— Work order —
This task calls for the lines below starting at the one containing "The next pacer" and ending at the one containing "At times, the", repeated exactly with both ends kept and pictures left out.

— Material provided —
* * * * * * * * *
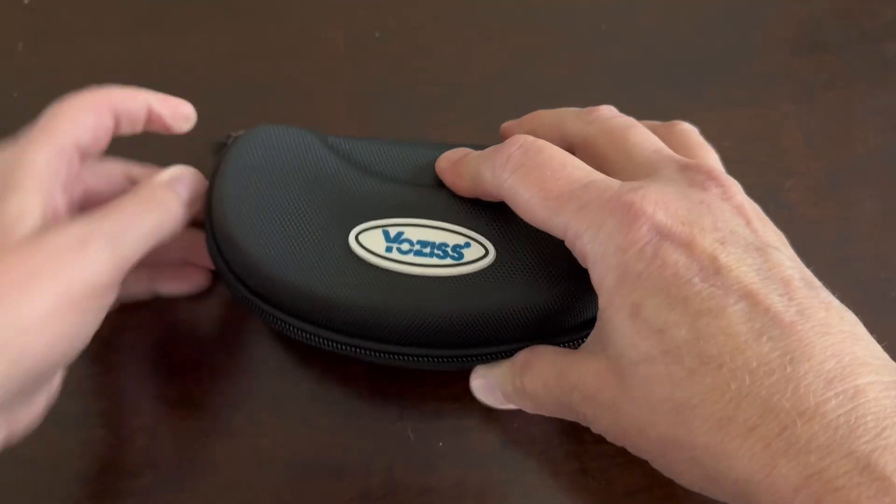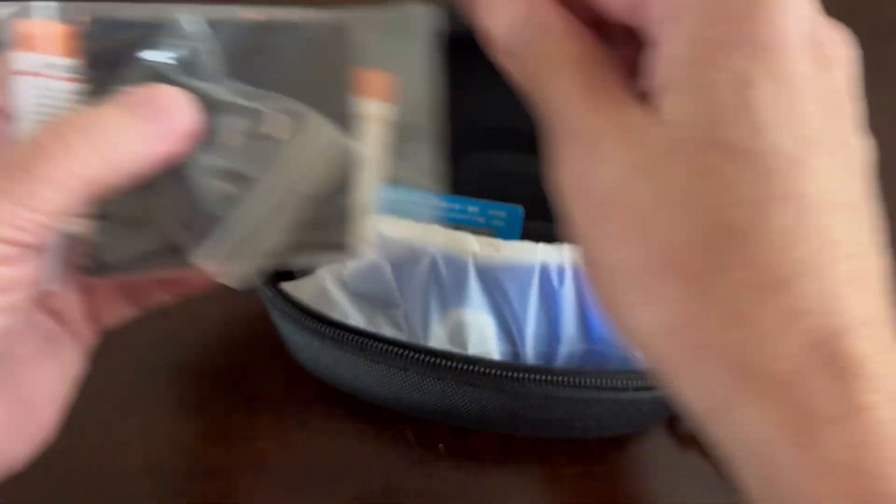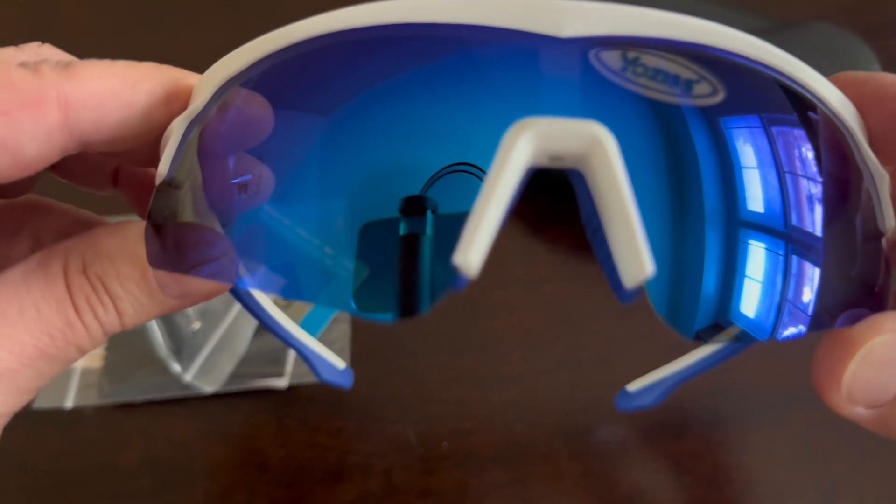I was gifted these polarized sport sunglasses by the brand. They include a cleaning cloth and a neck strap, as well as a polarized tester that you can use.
* * * * * * * * *
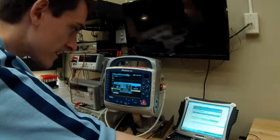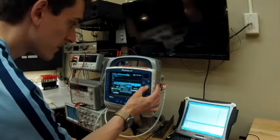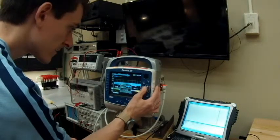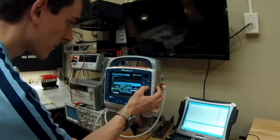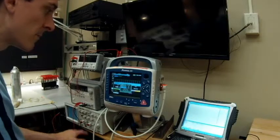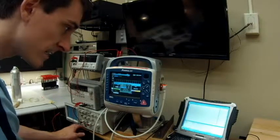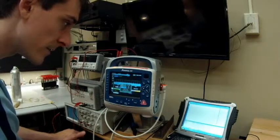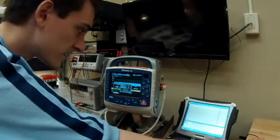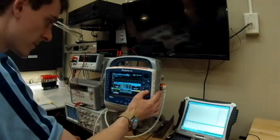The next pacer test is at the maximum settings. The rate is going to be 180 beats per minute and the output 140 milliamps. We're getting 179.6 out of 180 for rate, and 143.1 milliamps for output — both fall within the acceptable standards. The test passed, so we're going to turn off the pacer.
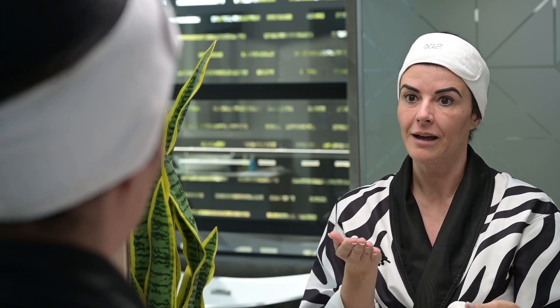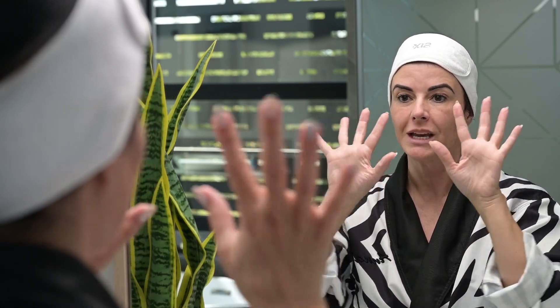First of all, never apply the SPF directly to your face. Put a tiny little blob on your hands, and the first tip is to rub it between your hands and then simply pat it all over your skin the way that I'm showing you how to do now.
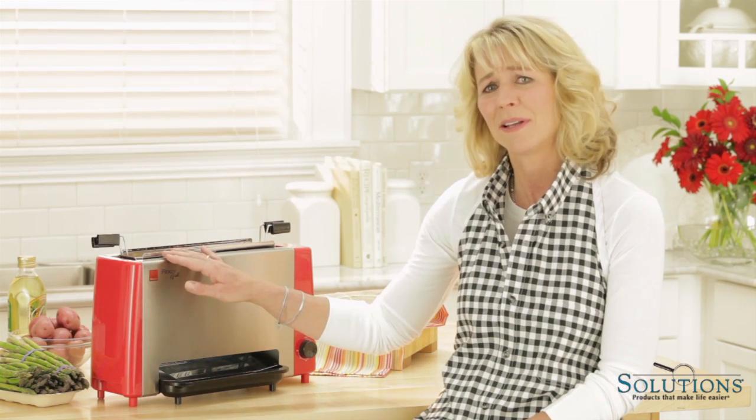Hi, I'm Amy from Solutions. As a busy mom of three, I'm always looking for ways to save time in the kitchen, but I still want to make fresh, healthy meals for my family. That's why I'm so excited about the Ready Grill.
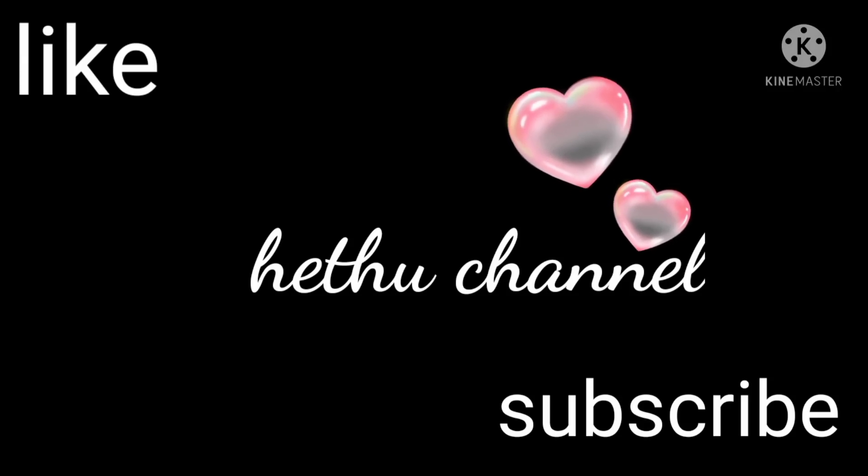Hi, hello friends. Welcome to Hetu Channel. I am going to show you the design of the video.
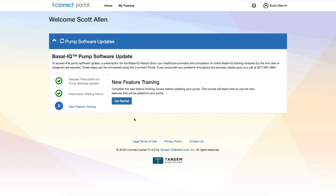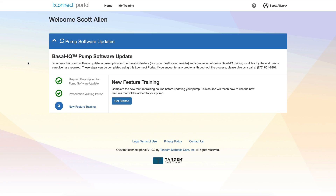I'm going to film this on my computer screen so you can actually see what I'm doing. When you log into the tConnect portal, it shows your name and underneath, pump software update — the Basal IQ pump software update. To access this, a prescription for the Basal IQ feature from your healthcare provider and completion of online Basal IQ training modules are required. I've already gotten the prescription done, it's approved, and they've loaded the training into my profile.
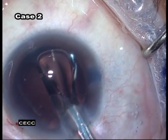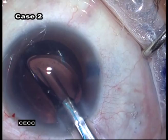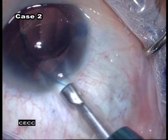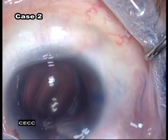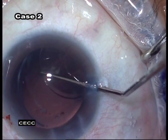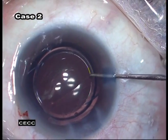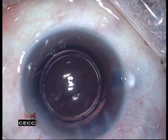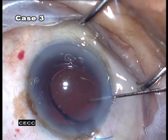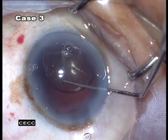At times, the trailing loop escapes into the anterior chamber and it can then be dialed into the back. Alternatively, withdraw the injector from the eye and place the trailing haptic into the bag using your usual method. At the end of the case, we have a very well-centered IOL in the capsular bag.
* * * * * * * * *
— Answer to the problem —
The next pacer test is at the maximum settings. The rate is going to be 180 beats per minute and the output 140 milliamps. We're getting 179.6 out of 180 for rate, and 143.1 milliamps for output — both fall within the acceptable standards. The test passed, so we're going to turn off the pacer.
First of all, never apply the SPF directly to your face. Put a tiny little blob on your hands, and the first tip is to rub it between your hands and then simply pat it all over your skin the way that I'm showing you how to do now.
Hi, I'm Amy from Solutions. As a busy mom of three, I'm always looking for ways to save time in the kitchen, but I still want to make fresh, healthy meals for my family. That's why I'm so excited about the Ready Grill.
Hi, hello friends. Welcome to Hetu Channel. I am going to show you the design of the video.
I'm going to film this on my computer screen so you can actually see what I'm doing. When you log into the tConnect portal, it shows your name and underneath, pump software update — the Basal IQ pump software update. To access this, a prescription for the Basal IQ feature from your healthcare provider and completion of online Basal IQ training modules are required. I've already gotten the prescription done, it's approved, and they've loaded the training into my profile.
At times, the trailing loop escapes into the anterior chamber and it can then be dialed into the back. Alternatively, withdraw the injector from the eye and place the trailing haptic into the bag using your usual method. At the end of the case, we have a very well-centered IOL in the capsular bag.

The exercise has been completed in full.